For any given \(\{E_{*}\}\in \mathscr {N}_{0}\), let us denote by \(\mathscr {C}(E_{*}; X_{0},\mathcal {H}_{r})\) the space of smooth maps \(h:X_{0}\rightarrow \mathcal {H}_{r}\) with asymptotics (4.5)–(4.6) for some local smooth functions \(G_{1},\dots , G_{n}\), such that

$$\begin{aligned} {[}M_{i}]= [C_{i}(0)]\in {{\,\mathrm{GL}\,}}(r,\mathbb {C})/\mathrm {B}(r),\quad i=1,\dots ,n-1, \end{aligned}$$

where \(M_{i} = G_{i}(z_{i})^{-1}\), and \(G_{n}(\infty )=I_{r}\).
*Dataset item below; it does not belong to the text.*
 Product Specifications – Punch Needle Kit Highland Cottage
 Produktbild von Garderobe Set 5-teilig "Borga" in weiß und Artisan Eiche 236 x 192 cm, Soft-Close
We will now define the WZNW functional \(S:\mathscr {C}(E_{*}; X_{0},\mathcal {H}_{r})\rightarrow \mathbb {R}\), whose unique critical point will be the singular Hermitian metric \(h_{E}\) on \(E_{*}\). Namely, for \(\delta >0\) let

$$\begin{aligned} X_{\delta }=\mathbb {C}\setminus \left( \bigcup _{i=1}^{n-1}\{|z-z_{i}|<\delta \}\cup \left\{ |z|>\frac{1}{\delta }\right\} \right) \end{aligned}$$

with boundary \(\partial X_{\delta } = \bigcup _{i = 1}^{n} C_{i\delta }\). Each component \(C_{i\delta }\) carries a naturally induced orientation. Define

$$\begin{aligned} \begin{aligned} S_{0\delta }[h]&= \frac{\sqrt{-1}}{2}\iint \limits _{X_{\delta }}{{\,\mathrm {tr}\,}}\left( h^{-1}\partial h\wedge h^{-1}\bar{\partial } h\right) \\&\qquad + \frac{\sqrt{-1}}{2}\sum _{i = 1}^{n - 1}\int \limits _{C_{i\delta }}{{\,\mathrm {tr}\,}}\left( W_{i}|z-z_{i}|^{-2W_{i}}M_{i}^{*}hM_{i}\right) \displaystyle \left( \frac{dz}{z - z_{i}} - \frac{d\bar{z}}{\bar{z} - \bar{z}_{i}}\right) \\&\qquad + \frac{\sqrt{-1}}{2}\int \limits _{C_{n\delta }}{{\,\mathrm {tr}\,}}\left( W'_{n}|z|^{2W'_{n}}h\right) \displaystyle \left( \frac{dz}{z} - \frac{d\bar{z}}{\bar{z}}\right) \end{aligned}\end{aligned}$$

and

$$\begin{aligned} \begin{aligned} W_{\delta }[h]&= - \frac{\sqrt{-1}}{2}\iint \limits _{X_{\delta }}{{\,\mathrm {tr}\,}}\left( h^{*}(\theta _{1})\wedge h^{*}(\theta _{1}^{*})\right) , \end{aligned}\end{aligned}$$

and put

$$\begin{aligned} S_{\delta }[h] = S_{0\delta }[h] + W_{\delta }[h] + 2\pi \log \delta \sum _{j=1}^{r}\sum _{i=1}^{n-1}\alpha ^{2}_{ij} +2\pi \log \delta \sum _{j=1}^{r}\alpha _{nj}^{\prime 2}. \end{aligned}$$

We have the following result.

Proposition 3

For any \(\{E_{*}^{\rho }\}\in \mathscr {N}_{0}\) and any \(h\in \mathscr {C}(E_{*}; X_0,\mathcal {H}_{r})\), the limit

$$\begin{aligned} S[h] = \lim _{\delta \rightarrow 0} S_{\delta }[h] \end{aligned}$$

(4.9)

is well-defined. The Euler–Lagrange equation for the functional

$$\begin{aligned} S:\mathscr {C}(E_{*}; X_{0},\mathcal {H}_{r})\rightarrow {\mathbb {R}}\end{aligned}$$

is the zero-curvature equation (4.1).

Proof

We will only prove that the limit exists. The derivation of the Euler–Lagrange equation is standard and accounts for the introduction of the boundary terms in \(S_{0\delta }[h]\). The details are left to the reader.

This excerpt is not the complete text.